* **Provided data**
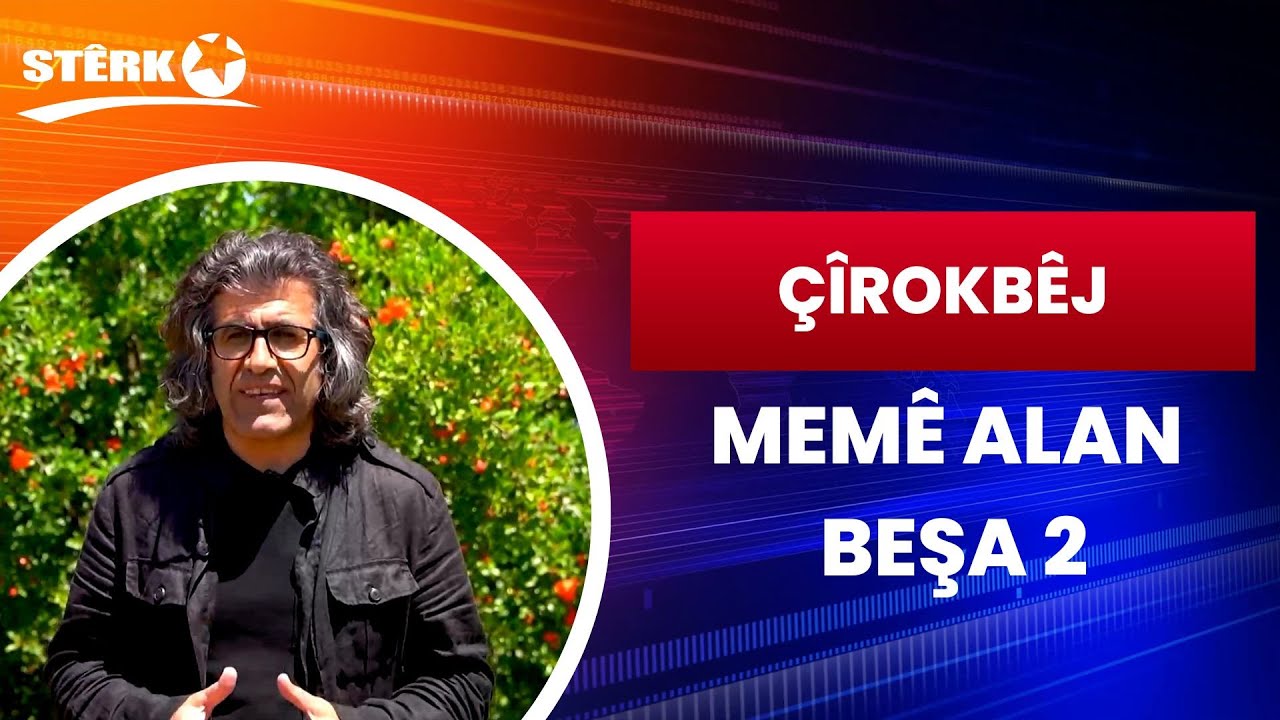 Çîrokbêj - Meme Alan / Beşa 2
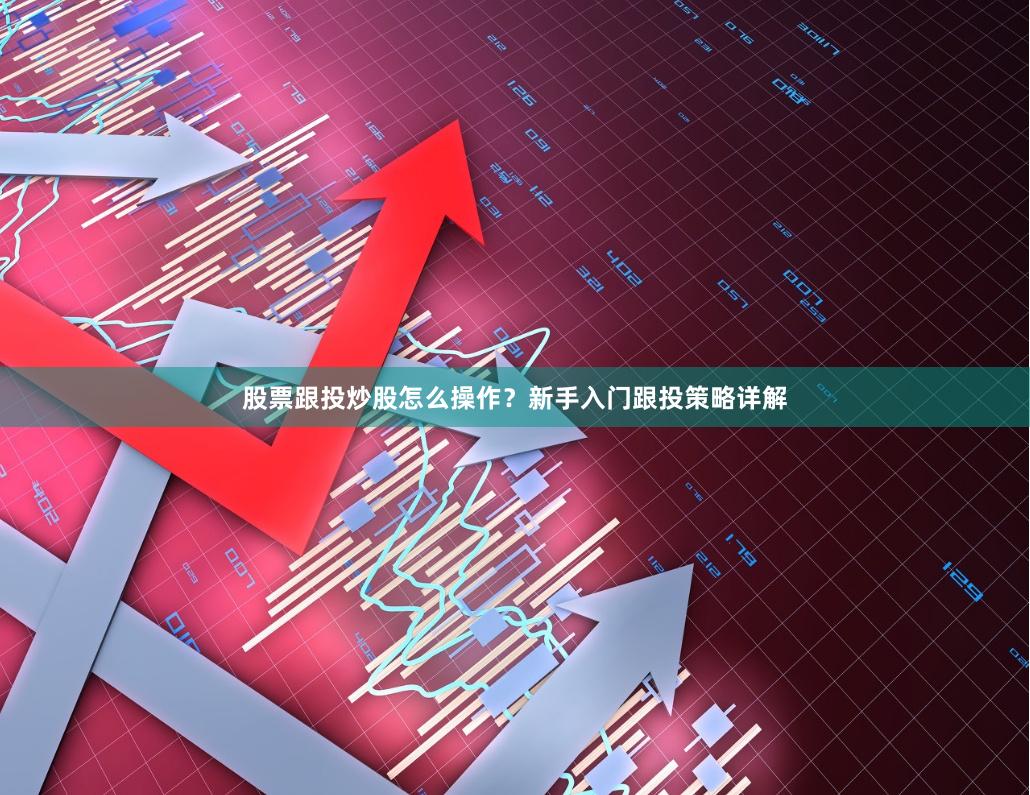 股票跟投炒股怎么操作？新手入门跟投策略详解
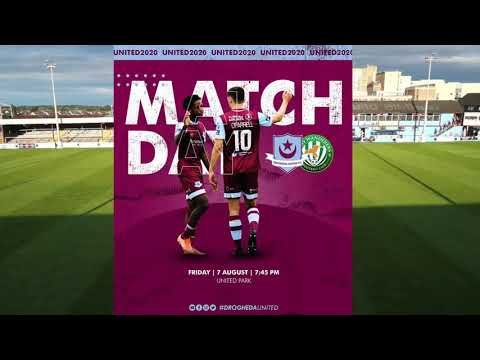 [07/08/20] Drogheda United F.C vs Bray Wanderers F.C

* **What you have to do**
Once the pictures are dropped, repeat the data above exactly.

* **Task solution**
 Çîrokbêj - Meme Alan / Beşa 2
 股票跟投炒股怎么操作？新手入门跟投策略详解
 [07/08/20] Drogheda United F.C vs Bray Wanderers F.C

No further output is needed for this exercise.